Anyway, as I sat in my fur-collared dressing gown and read/played through this satisfying work, reacting to the prompts and making my decisions, I found myself simultaneously engrossed and… guilty. What is that? A pervasive sense of discomfiture in my leisure time? Can I not just relax and be happy?
So here’s the thing: solo-journaling in a game like this feels like GM prep. And yet it wasn’t. Perhaps that’s just me, and perhaps I’ll get over it, but one of my regular and favourite pastimes is already about reading sourcebooks, making notes, working out how I will use the prompts, ideas, and fictions that other people have made in a tabletop scenario. And here I am doing basically that without any reference to anyone other than myself! This is time I could, indeed, should spend preparing for a group of real, other people. How selfish of me. How mortifyingly self-centred!

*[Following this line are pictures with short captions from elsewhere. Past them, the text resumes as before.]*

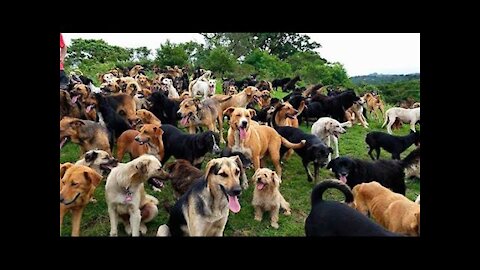 Territorio de Zaguates "Land of The Strays" Dog Rescue Ranch Sanctuary in Costa Rica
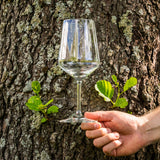 Style-viinilasi 64 cl - tilava punaviinilasi aromien kehittymiseen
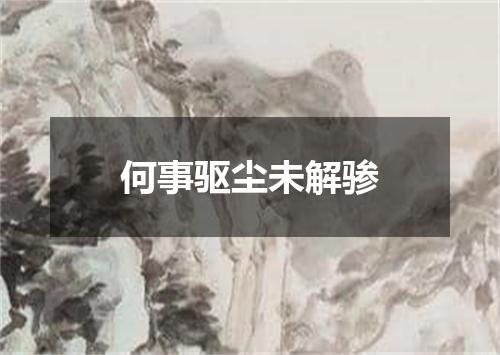 何事驱尘未解骖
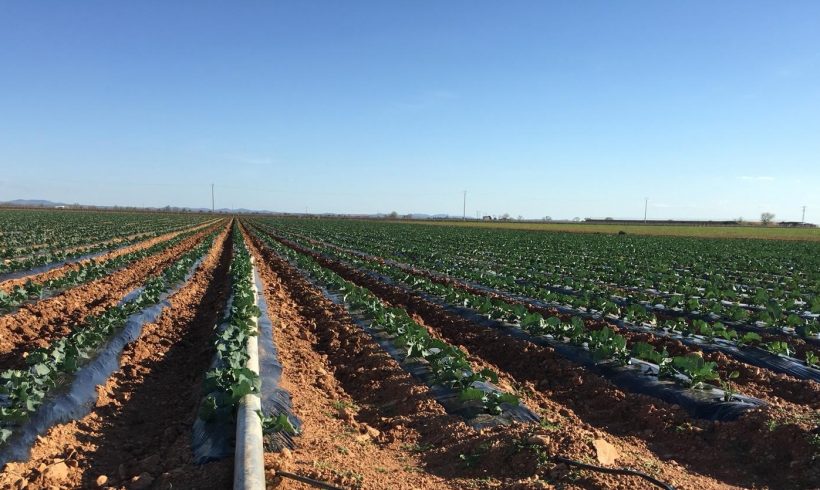 Nuevo Reglamento de Fertilizantes UE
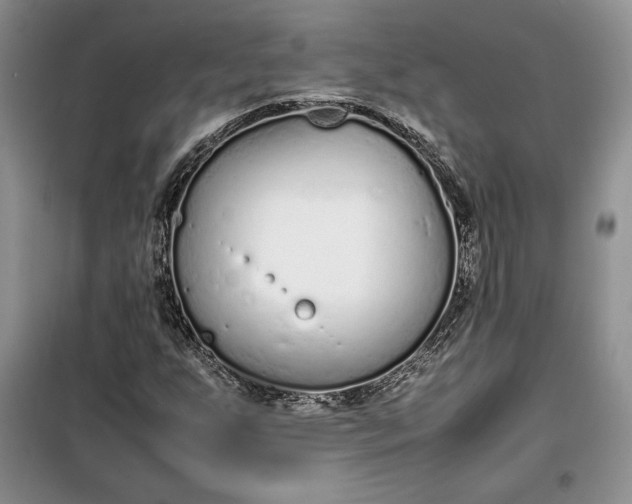 X0000100191255200806131159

And — forgive me — there’s nothing here that reflects poorly on Notorious in any way. When I identified and put those feelings aside, I had what should have been a great time. But I also think it was a little psychoanalytical: we’re getting to the root of why I haven’t played a journaling game before. Hell, it’s why I never really spend enough time with all the Fighting Fantasy books I collected as a kid. I’d rather plan a new Rifts campaign than doing something for myself.

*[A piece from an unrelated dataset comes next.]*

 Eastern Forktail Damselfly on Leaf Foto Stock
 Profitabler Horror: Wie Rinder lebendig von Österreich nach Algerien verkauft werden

The Notorious story I created was an entertaining one indeed: I set out as an “Uncanny” bounty-hunter, (or Nomad, as the book has it) born into an oppressive Mystic Order cult, but abandoning that way of life to explore the galaxy. A solemn, insectoid character, J’Oh (ha!) took a contract to hunt Chedo Robas, a Ghul who had fled to the ice planet of Utov to escape the wrath of the Red Moon, whose shipments he had sold to the Tharg Cartel. But he couldn’t escape me, could he? No he—
Argh! Can I psychologically file this as research? Perhaps I reuse my experiences here to introduce a bounty-hunting theme to our forthcoming Mothership campaign, and this can be an excuse for that? Honestly, I have to think of it this way. There has to be an ulterior motive. Oh no. Too many years being a GM has broken me. And I only have myself to apologise to!
Sorry, me.
[You can pick up Notorious here, and you should!]
[[Also while writing this, this tweet came up in my timeline. Hmmm. Thinky emoji indeed, my friends.]]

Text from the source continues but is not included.